----- Stored data
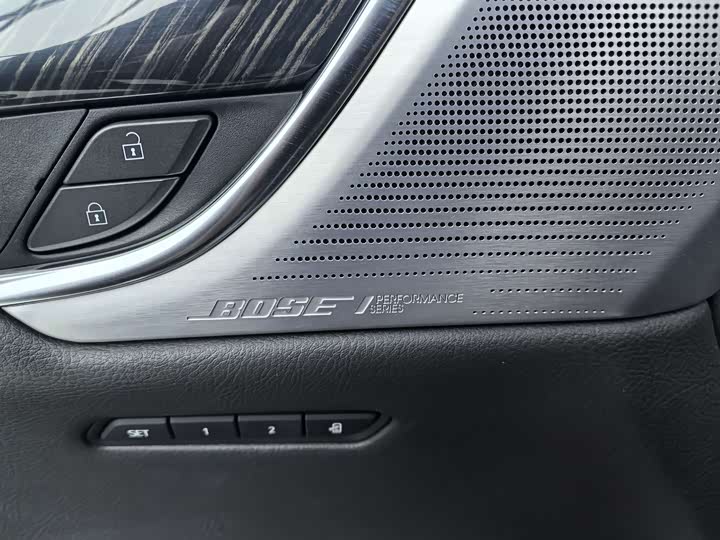 Фото 7 - Cadillac XT6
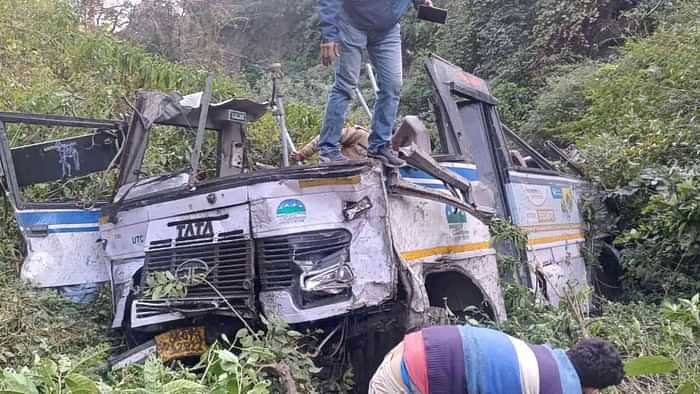 bhimtal bus hadsa भीमताल बस हादसा: चालक बोला, सामने से आई कार को बचाने के चक्कर में हुआ हादसा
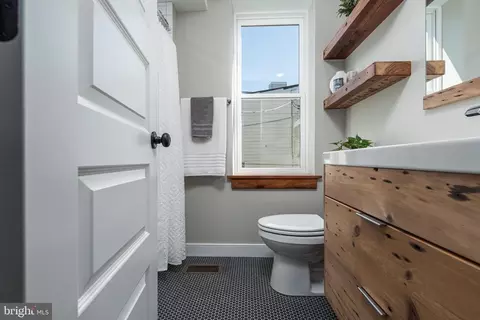 38 E Barney St, Baltimore, MD 21230 photo 14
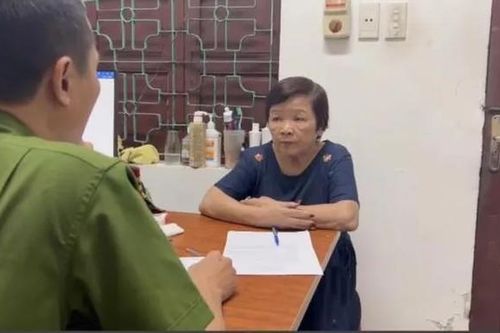 Sang nhà con gái chơi, mẹ tiện thể xách 2 bánh heroin đi giao cho khách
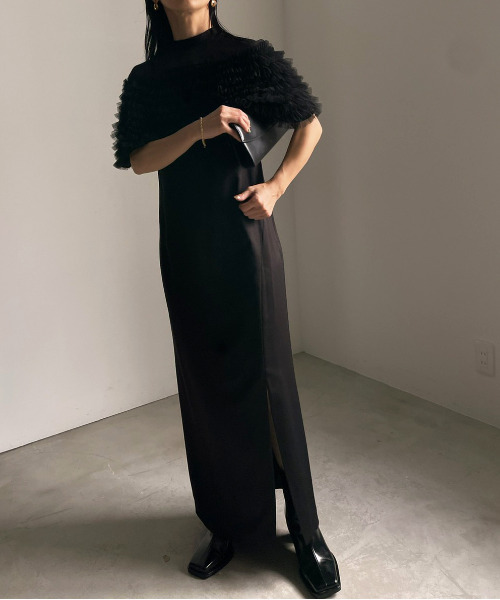 Ameri（アメリ）の「2WAY VOLUME FRILL BOLERO SET DRESS（ワンピース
----------
What to produce: Output the entries above exactly as given, but strip out the pictures.

Solved exercise:
 Фото 7 - Cadillac XT6
 bhimtal bus hadsa भीमताल बस हादसा: चालक बोला, सामने से आई कार को बचाने के चक्कर में हुआ हादसा
 38 E Barney St, Baltimore, MD 21230 photo 14
 Sang nhà con gái chơi, mẹ tiện thể xách 2 bánh heroin đi giao cho khách
 Ameri（アメリ）の「2WAY VOLUME FRILL BOLERO SET DRESS（ワンピース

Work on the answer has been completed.